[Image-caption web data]
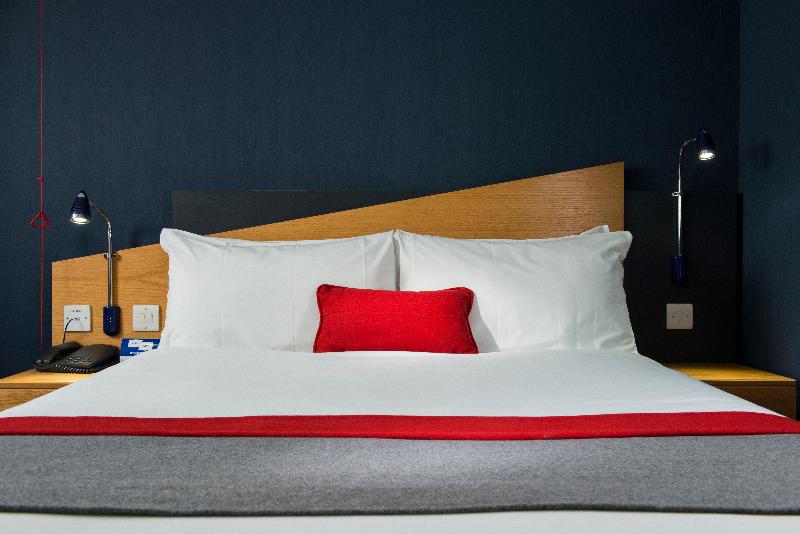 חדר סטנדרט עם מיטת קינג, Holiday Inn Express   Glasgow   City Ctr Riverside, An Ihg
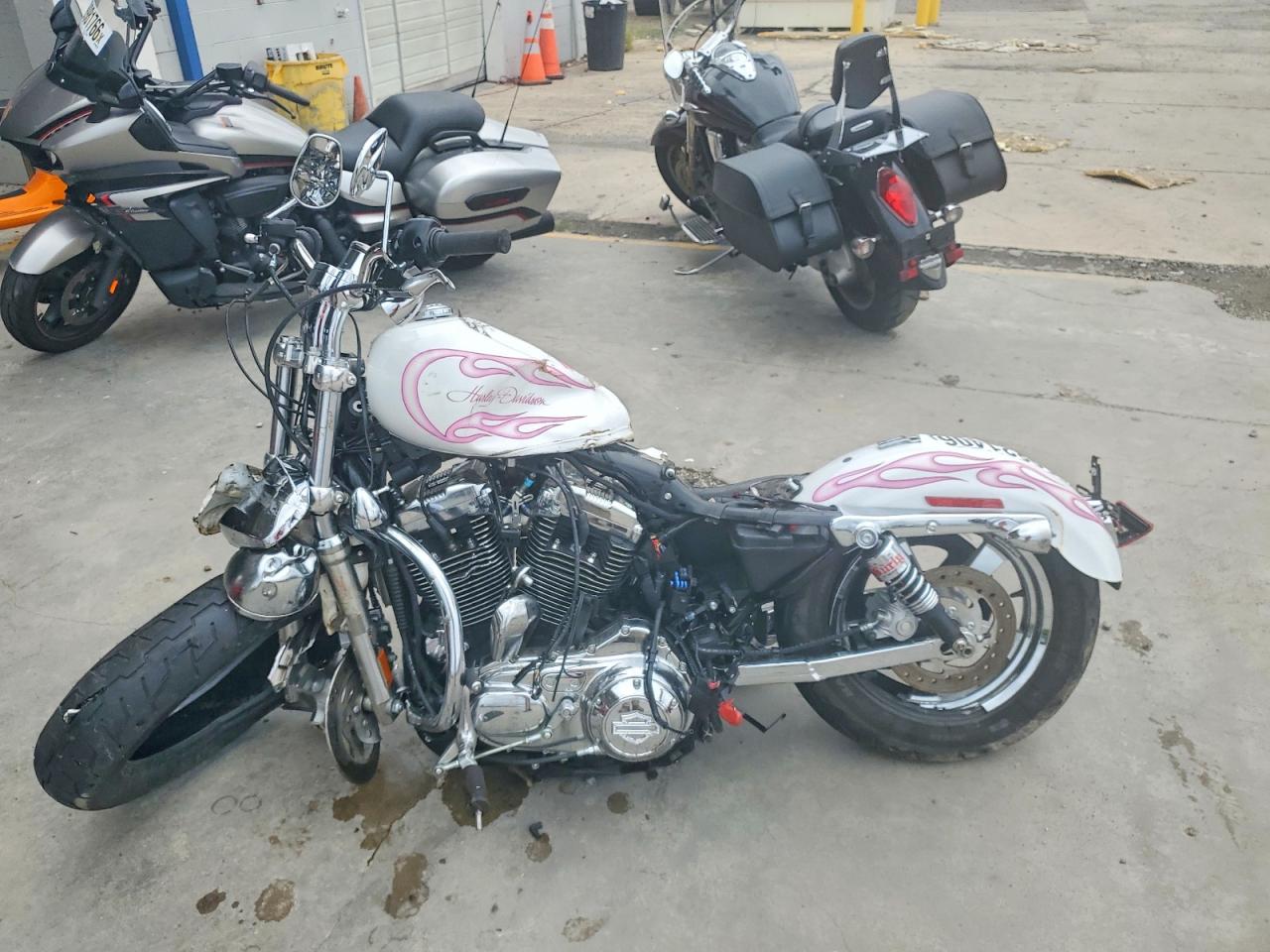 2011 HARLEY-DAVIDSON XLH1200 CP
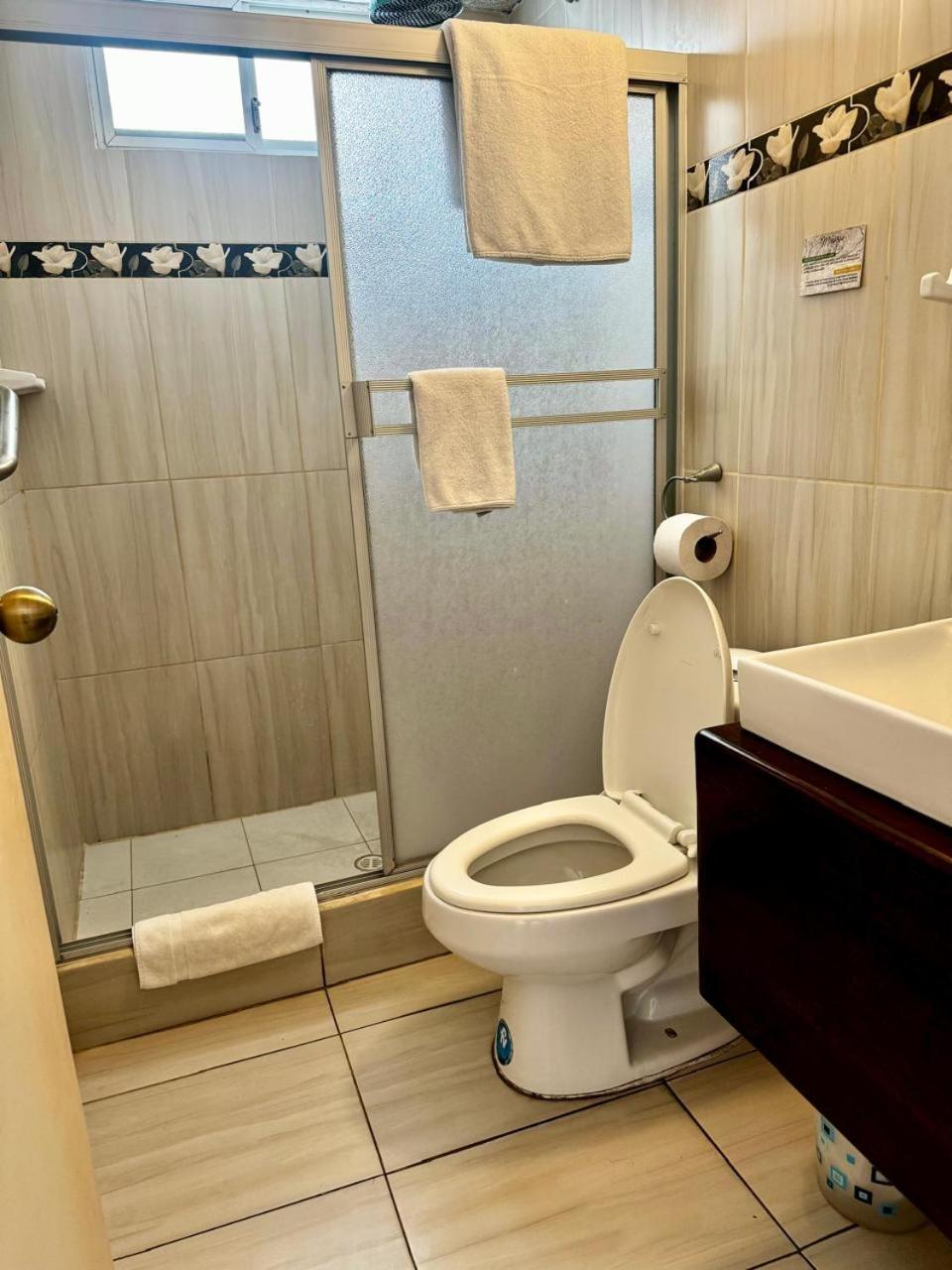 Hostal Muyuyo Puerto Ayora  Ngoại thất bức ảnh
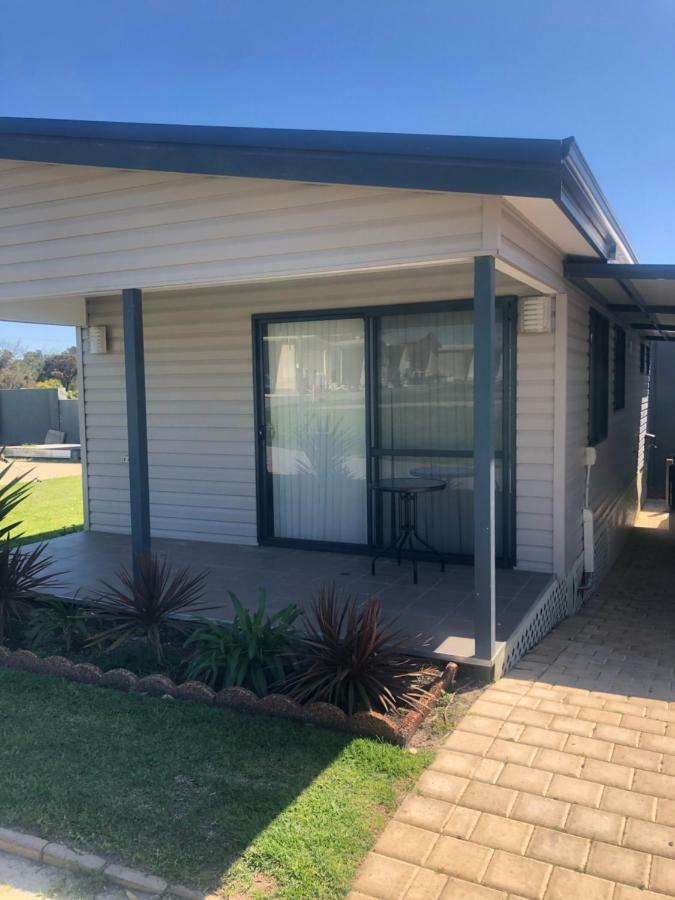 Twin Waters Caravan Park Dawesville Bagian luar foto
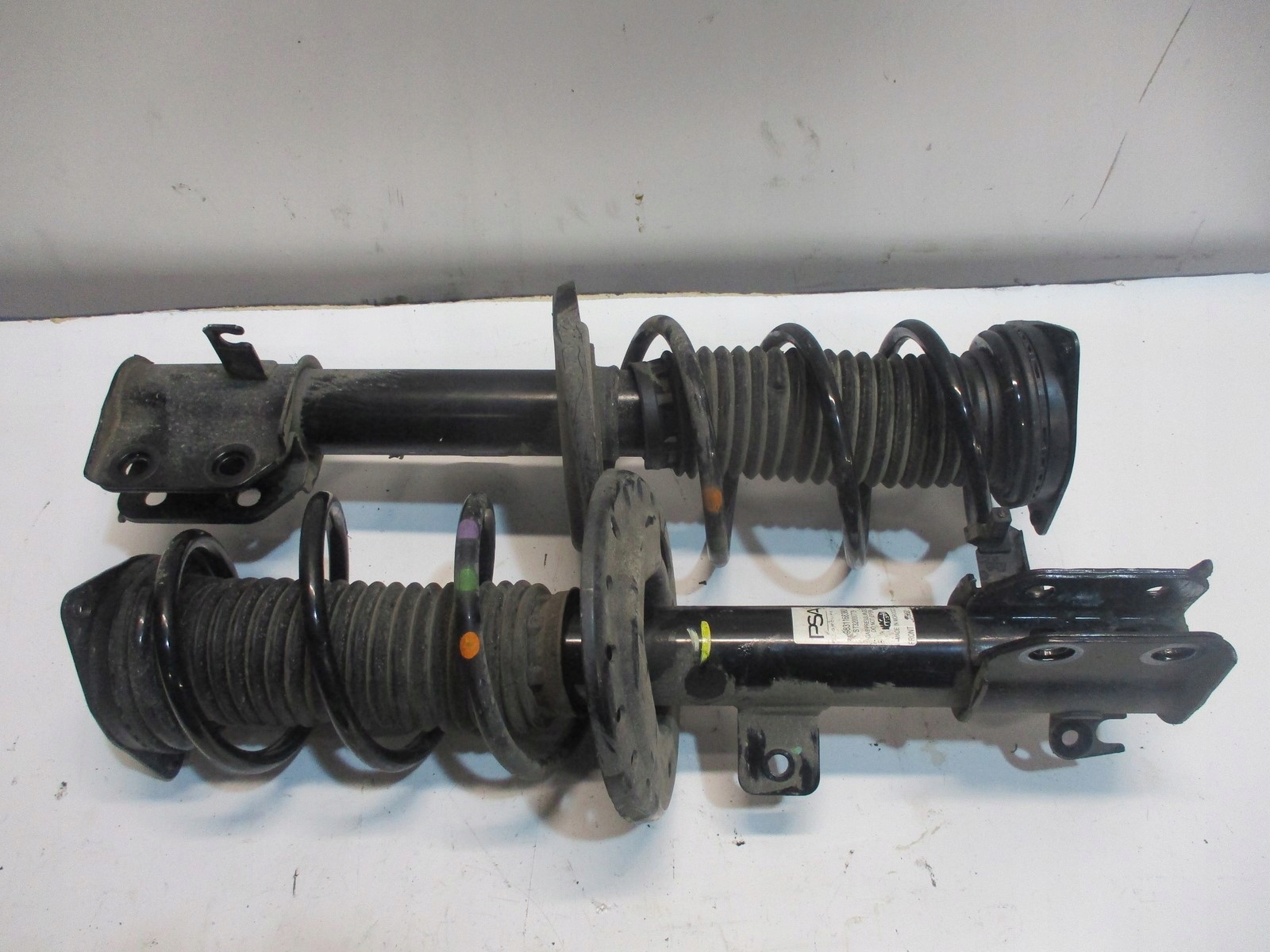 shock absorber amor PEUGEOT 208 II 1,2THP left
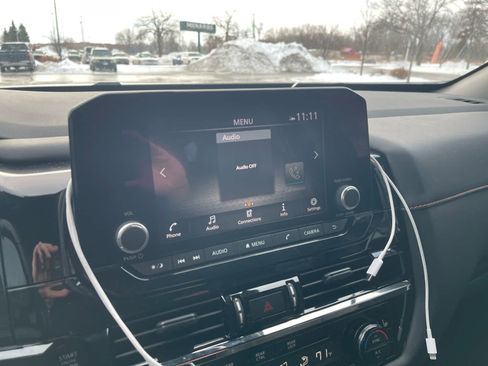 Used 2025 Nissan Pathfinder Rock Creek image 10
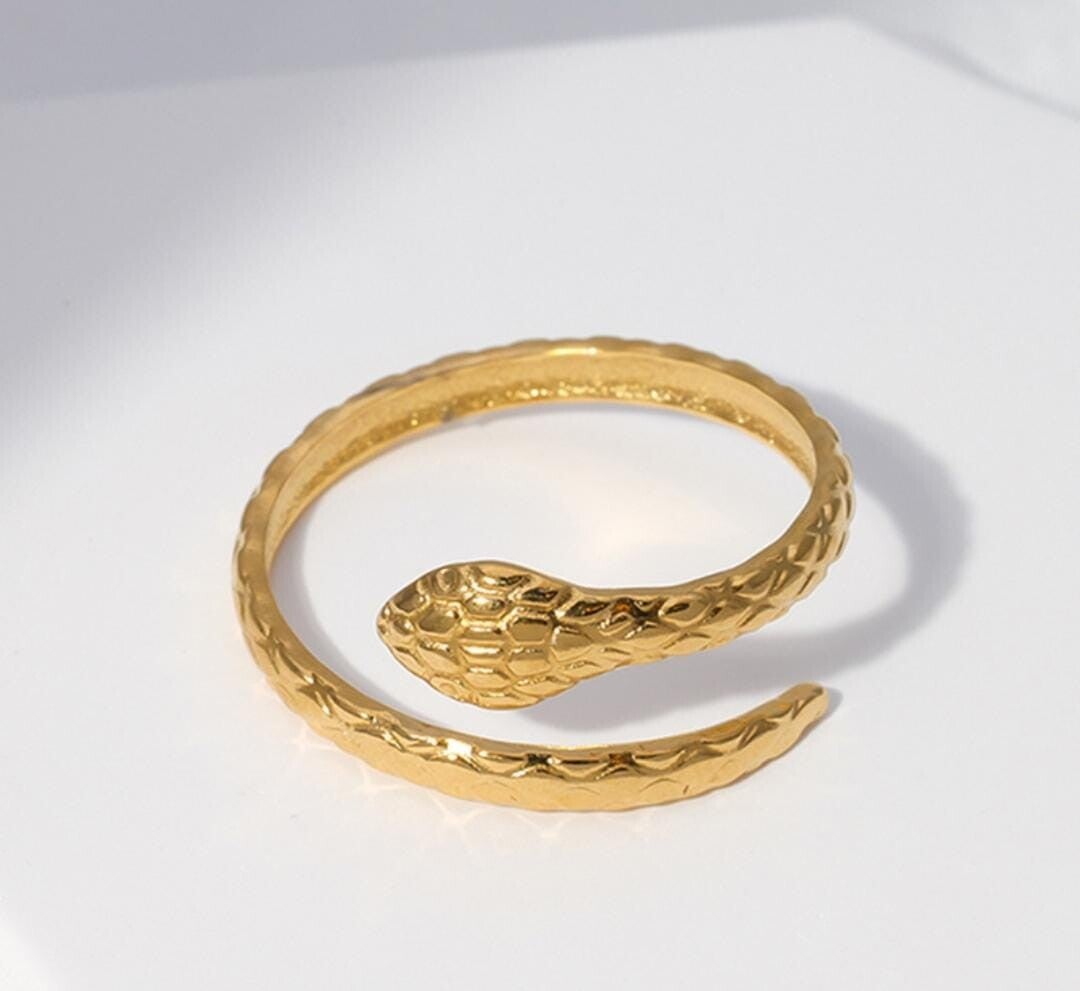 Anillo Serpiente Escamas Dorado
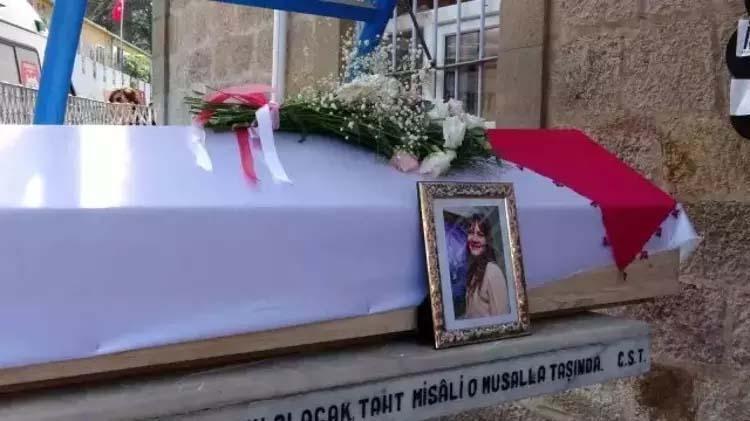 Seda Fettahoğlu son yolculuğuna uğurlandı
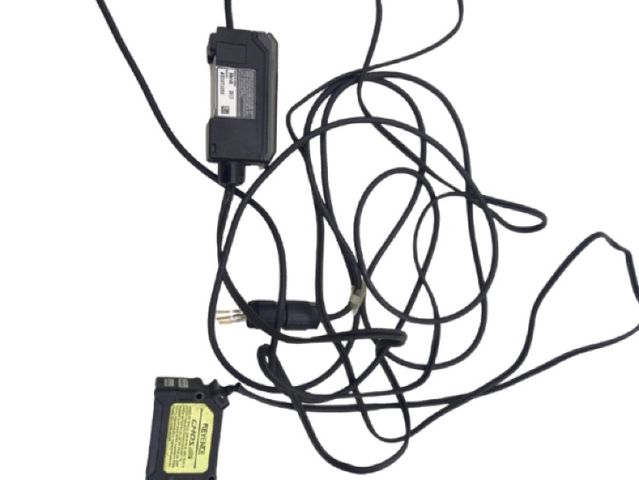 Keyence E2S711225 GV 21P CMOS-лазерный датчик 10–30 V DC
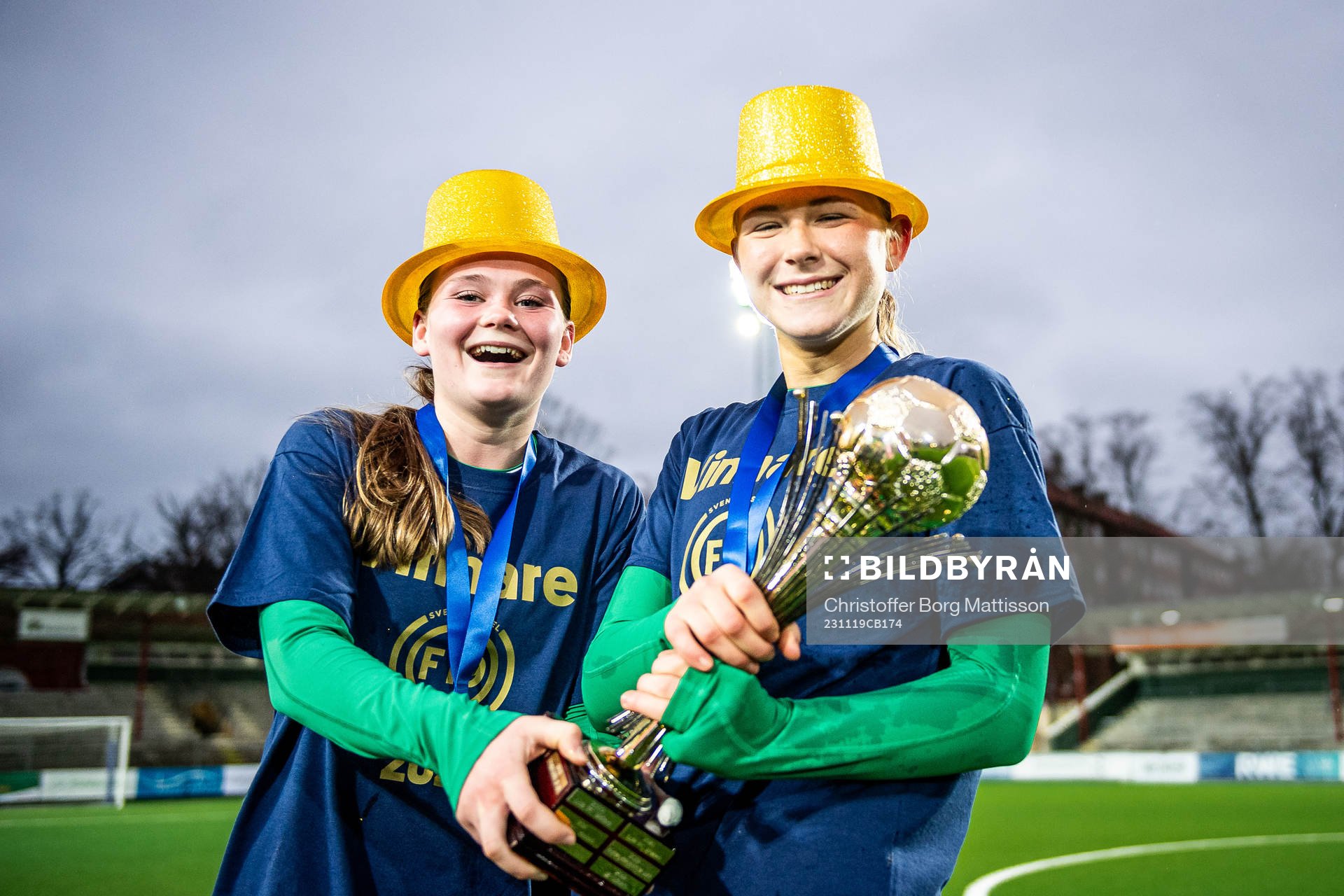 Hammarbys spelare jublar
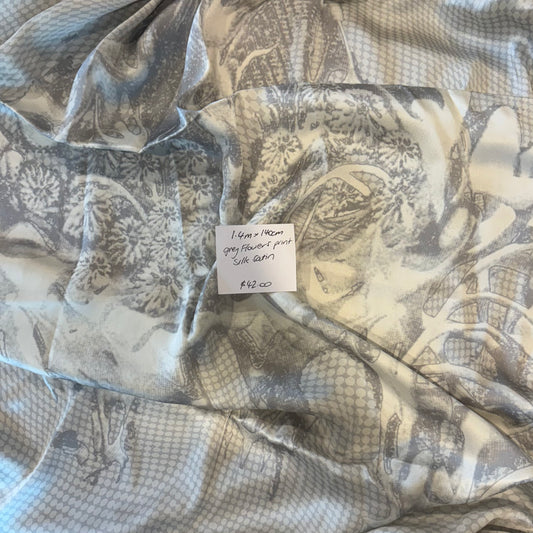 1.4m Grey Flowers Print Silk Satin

* [Assignment]: When you reproduce the data shown above, keep each line exact and omit every picture.

* [Written answer]:
 חדר סטנדרט עם מיטת קינג, Holiday Inn Express   Glasgow   City Ctr Riverside, An Ihg
 2011 HARLEY-DAVIDSON XLH1200 CP
 Hostal Muyuyo Puerto Ayora  Ngoại thất bức ảnh
 Twin Waters Caravan Park Dawesville Bagian luar foto
 shock absorber amor PEUGEOT 208 II 1,2THP left
 Used 2025 Nissan Pathfinder Rock Creek image 10
 Anillo Serpiente Escamas Dorado
 Seda Fettahoğlu son yolculuğuna uğurlandı
 Keyence E2S711225 GV 21P CMOS-лазерный датчик 10–30 V DC
 Hammarbys spelare jublar
 1.4m Grey Flowers Print Silk Satin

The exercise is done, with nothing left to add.